Progressive and State Farm, two of America’s largest auto insurers, are refusing to cover some older Hyundai and Kia models in certain cities that the companies say are too easy to steal.
Multiple reports state that companies in cities like Denver, Colorado and St. Louis, Missouri have stopped offering insurance for these vehicles. The insurance companies did not tell CNN which cities or states were involved.
The Highway Loss Data Institute released data on insurance claims last September that confirmed what various social media accounts were doing say: Some 2015-2019 Hyundai and Kia models are about twice as likely to be stolen than other vehicles of a similar age, there Many of them lack some of the basic anti-theft car technology found in most other vehicles of those years. according to HLDI.
These SUVs and cars in particular don’t have electronic immobilizers that rely on a computer chip in the car and another in the key communicating to confirm that the key really does belong to that vehicle. Without the right key, an immobilizer should do just that – stop the car from moving.
Immobilizers were standard equipment on 96% of vehicles sold for the 2015-2019 model years, according to HLDI, but only 26% of Hyundais and Kias had them at this time. Vehicles with push button start systems have immobilizers rather than relying on metal keys that must be inserted and turned, but not all models with key ignitions.
Stealing these vehicles has been according to HLDI, a social media trend in 2021 when car thieves started posting videos of their thefts and jaunts and even videos explaining how to steal the cars. In Wisconsin, where the crime first became widespread, theft claims from Hyundais and Kias rose to more than 30 times the 2019 dollar level.
“State Farm has temporarily stopped writing new business for certain model years and trim levels of Hyundai and Kia vehicles in some states due to a dramatic increase in theft claims for those vehicles,” the insurer said in a statement provided to CNN . “This is a serious issue affecting our customers and the entire auto insurance industry.”
Progressive is also restricting insurance on these cars in some markets, spokesman Jeff Sibel said in an emailed statement.
“Over the past year, we have more than tripled theft rates for certain Hyundai and Kia vehicles, and in some markets these vehicles are almost 20 times more likely to be stolen than other vehicles,” he wrote. “Given that we price our policies based on the level of risk they pose, this explosion in theft in many cases makes insuring these vehicles extremely challenging for us.
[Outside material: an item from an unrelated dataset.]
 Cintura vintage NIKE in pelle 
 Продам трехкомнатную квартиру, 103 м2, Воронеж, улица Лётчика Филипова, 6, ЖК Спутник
In response, we have increased our rates in some geographic areas and restricted our sale of new insurance policies for some of these models.”
Progressive continues to insure those who already have policies with the company, he said. Progressive also advises them on how to protect their vehicles from theft.
Michael Barry, a spokesman for the Insurance Information Institute, said it’s very unusual for auto insurers to simply stop writing new policies for a particular make or model of vehicle.
“They generally want to grow their market share depending on where they do business,” he said.
Hyundai and Kia operate as separate companies in the United States, but Hyundai Motor Group owns a large stake in Kia, and various Hyundai and Kia models share much of their engineering.
Engine immobilizers are now standard on all Kia and Hyundai vehicles, the companies said in separate statements. Both automakers also said they are developing security software for vehicles that weren’t originally equipped with an immobilizer. Kia said it has started notifying owners of the availability of this software, which is being made available free of charge. Hyundai said its free software update will be available next month.
Hyundai also said it is providing free steering wheel locks to some police departments across the country to give to residents who have Hyundai models that could be easily stolen. Hyundai dealers also sell and install safety kits for the vehicles, the company said.
Correction: A previous version of this story incorrectly stated the cost of Hyundai safety kits.